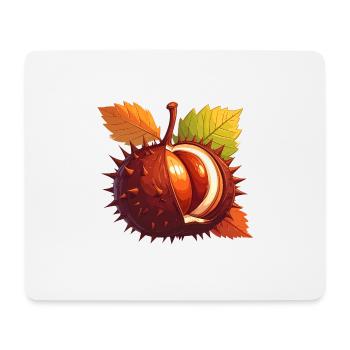Chestnut - Mouse Pad (horizontal) - white - Front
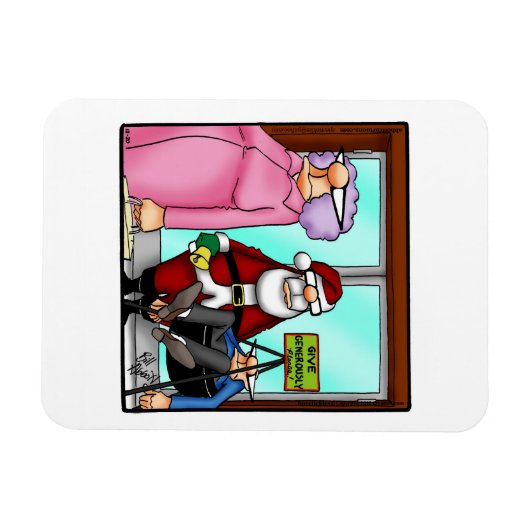 Funny Christmas Spaß Magnet Geschenk (Horizontal)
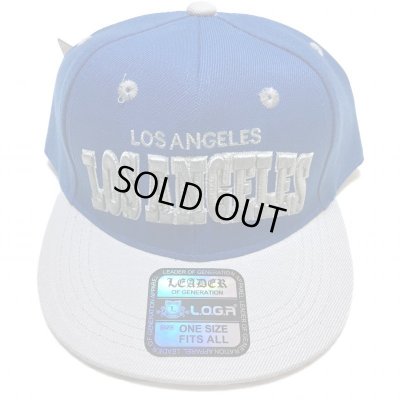 画像2: KIDS Los Angeles snapback cap ロイヤルブルー/グレー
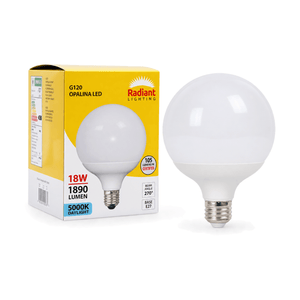 18W Opalina Frosted G120 LED Globe - white background
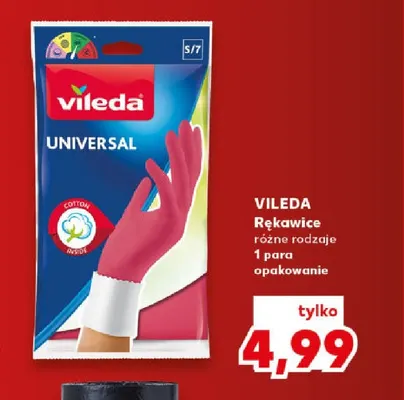 Rękawice Vileda promocja w Kaufland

▸ **WHAT YOU SHOULD DO**
All of the entries above should be duplicated exactly, except for the pictures.

▸ **EXERCISE RESPONSE**
Chestnut - Mouse Pad (horizontal) - white - Front
 Funny Christmas Spaß Magnet Geschenk (Horizontal)
 画像2: KIDS Los Angeles snapback cap ロイヤルブルー/グレー
 18W Opalina Frosted G120 LED Globe - white background
 Rękawice Vileda promocja w Kaufland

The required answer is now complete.